Nuit calme, comme on peut en avoir au Canada, la route et la voie ferrée ne sont jamais bien loin. Un passage à niveau est juste de l'autre côté de la rivière et tous les trains klaxonnent à son approche.    

Nous suivons la Skeena River, et plus nous nous rapprochons de son embouchure plus celle-ci se transforme en un très joli fjord.

Nous sommes presque arrivés, nous faisons un dernier arrêt à l'aire de service de Port Edward. Celle-ci domine le port et ce que nous voyons nous laisse bouche bée : un remorqueur est en train de déplacer deux maisons et leurs dépendances. Le plus surprenant, nous apercevons les occupants assis sur leur chaise ! 

Il est 12h30, l'e-mail de confirmation de BC Ferries ne nous étant pas parvenu, nous préférons ne prendre aucun risque et nous rendre directement au port de Prince Rupert pour valider notre départ. Nous devons nous présenter à 5h00 demain matin, la dame de la compagnie nous propose de dormir dans la file d'attente moyennant CAD$22, nous préférons sortir de la ville et rejoindre le parking des Butze Rapids. 
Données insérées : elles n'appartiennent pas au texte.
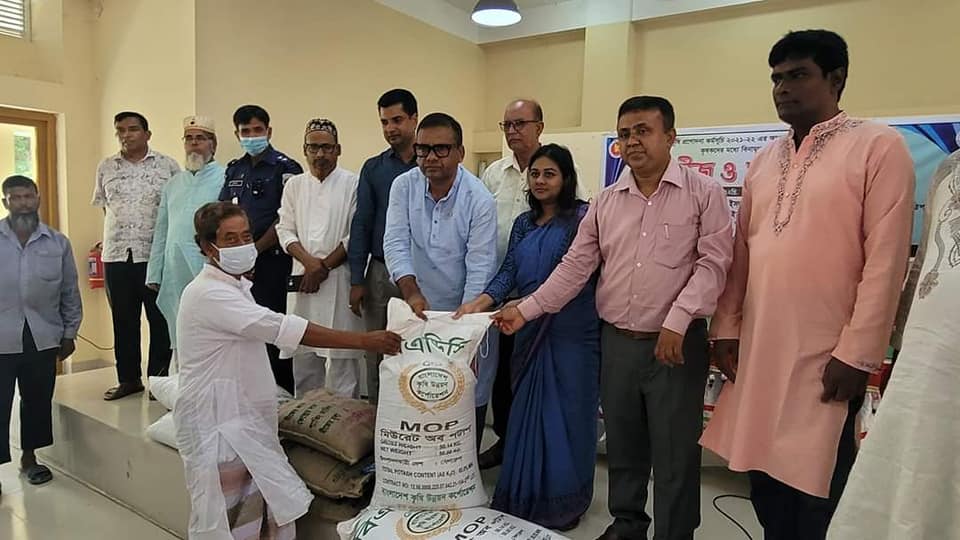 বাগাতিপাড়ার ক্ষুদ্র ও প্রান্তিক কৃষকদের মাঝে বীজ, সার ও অন্যান্য উপকরণ বিতরণ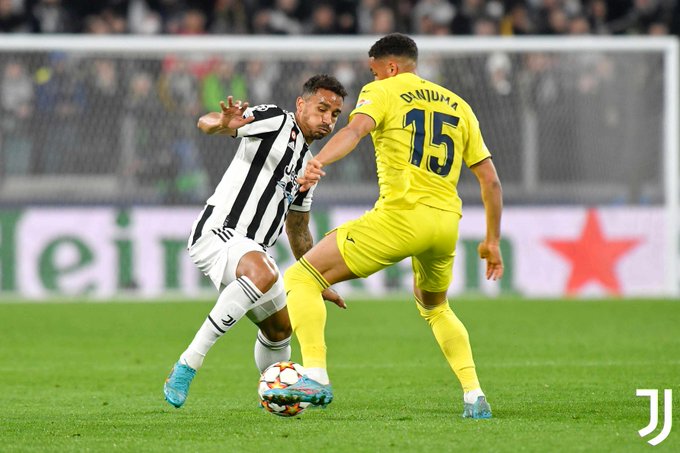 Juventus-Villarreal maçından bir ikili mücadele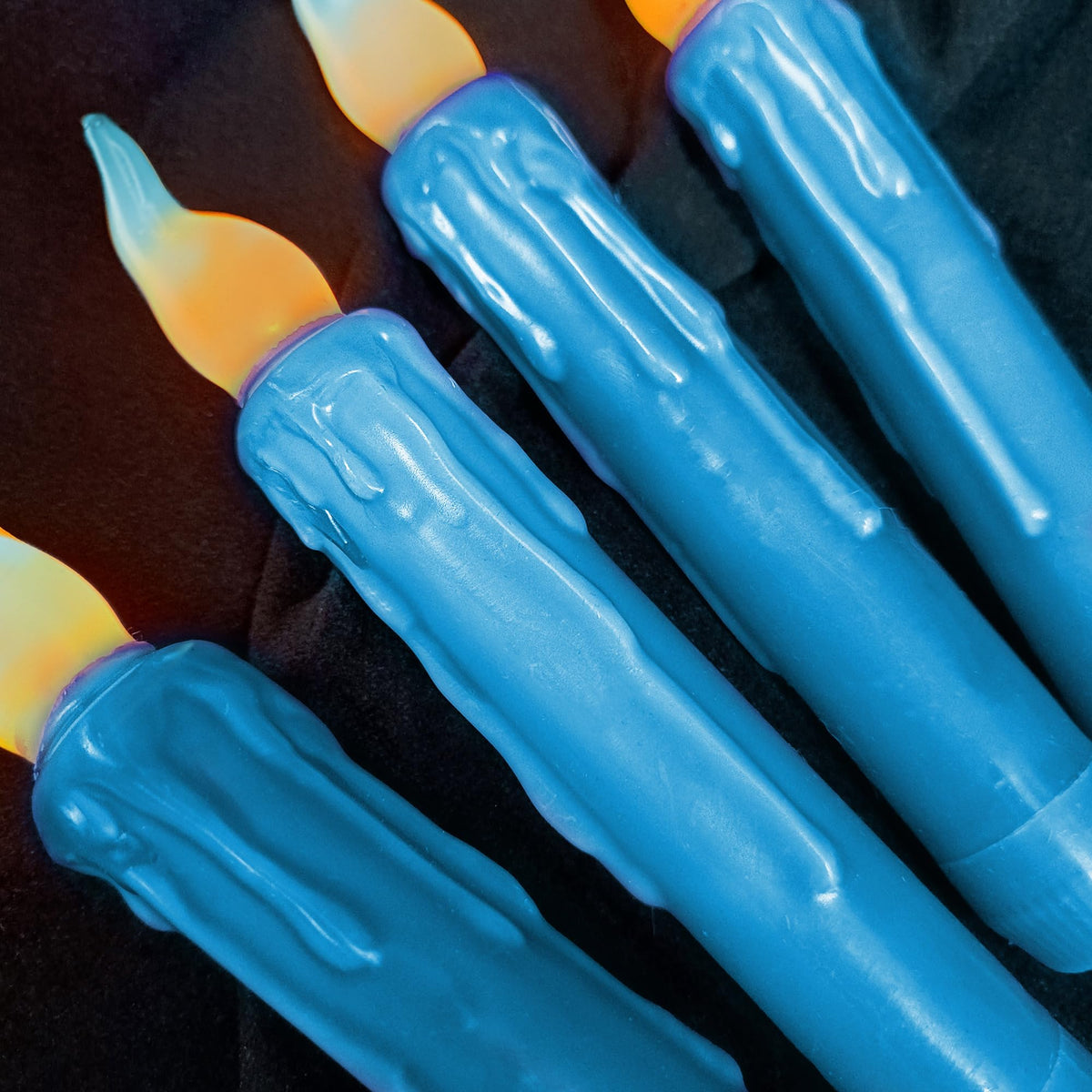 Gedengni Magical Candlesticks Flameless Taper Candle, 4pcs Real Wax LED Tapered Candles Remote Dipped Candle 6inch Battery Chandelier for Enchanting Weddings and Harry Potter Inspired Vigils(Blue)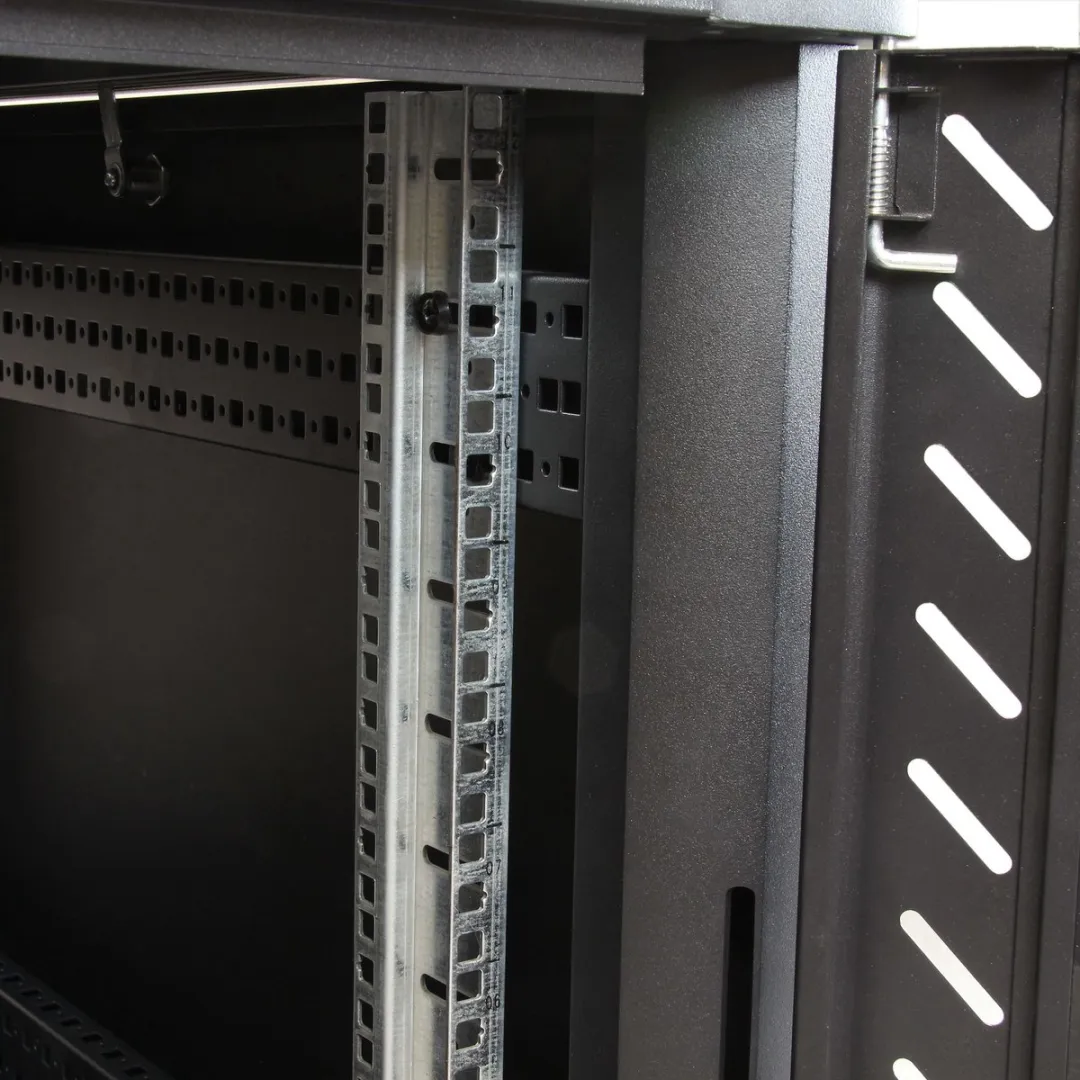 Startech RK1236BKF Wandrek 12U - Zwart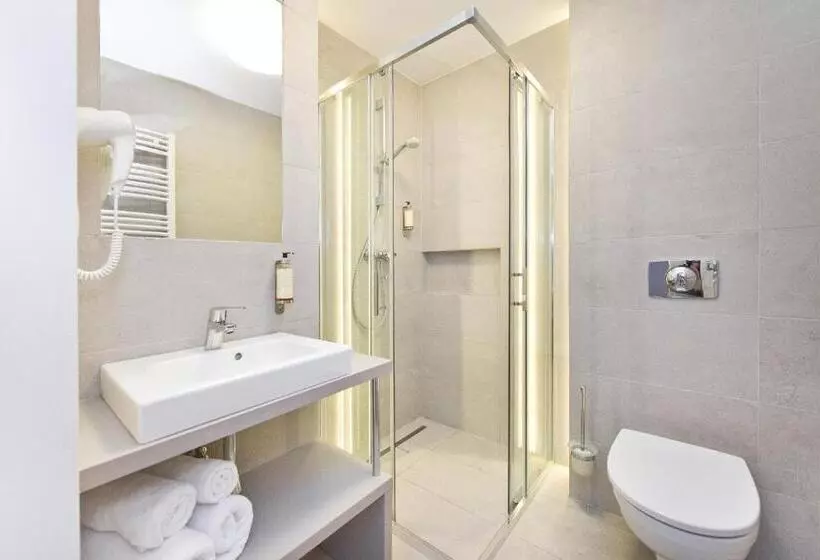هتل Villa 21 By Victus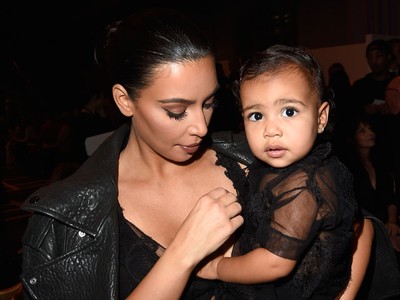 Kim Kardashian dan Nori Kompak Pakai Baju Transparan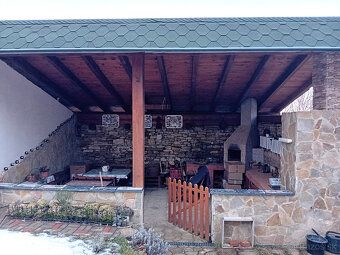 Typ: Rodinný dom
Obec: Vršatské Podhradie
 VAŠE REALITY - re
Nous avons parcouru 205 km ce jour, 13 338 km depuis notre arrivée à Halifax.


Mercredi 4 septembre 2019 - J64

Il a plu toute la nuit et sous les arbres les gouttes étaient encore plus grosses et faisaient encore plus de bruit... Le soleil devait faire son retour ce matin, nous quittons Prince Rupert, la ville la plus humide du Canada, sous la pluie.

L'Inside Passage est un itineraire de 500 km reliant Prince Rupert à Port Hardy sur l'île de Vancouver parcourant la côte canadienne derrière un paravant d'îles montagneuses protecteur des tempêtes. Il faut 15h00 aux ferries pour parcourir ce trajet. Cette traversée nous revient à CAD$848,65, dont CAD$100 de cabine. 

La première partie du voyage dans le Grenville Channel est la plus spectaculaire. Dans ce passage long de 70 km, la largeur n'est que de 400 m alors que les fonds atteignent 500 m. 

Les sommets enneigés encadrent ce chenal, le ferry met 4h00 pour le traverser, pas de chance pour nous, midi approche et nous sommes toujours dans la grisaille.

Le soleil fait son apparition en début d'après-midi alors que nous faisons escale sur l'île de Swindle, en territoire indien. 

Avec le soleil et le ciel bleu, la dernière partie de la croisière prend une autre tournure et nous restons sur les ponts à admirer ces îles vierges de toute intervention humaine jusqu'au coucher du soleil. 

Nous débarquons à Port Hardy sur l'île de Vancouver à 23h30 et rejoignons le parking en bord mer indiqué sur Ioverlander.

Nous avons parcouru 19 km ce jour, 13 357 km depuis notre arrivée à Halifax.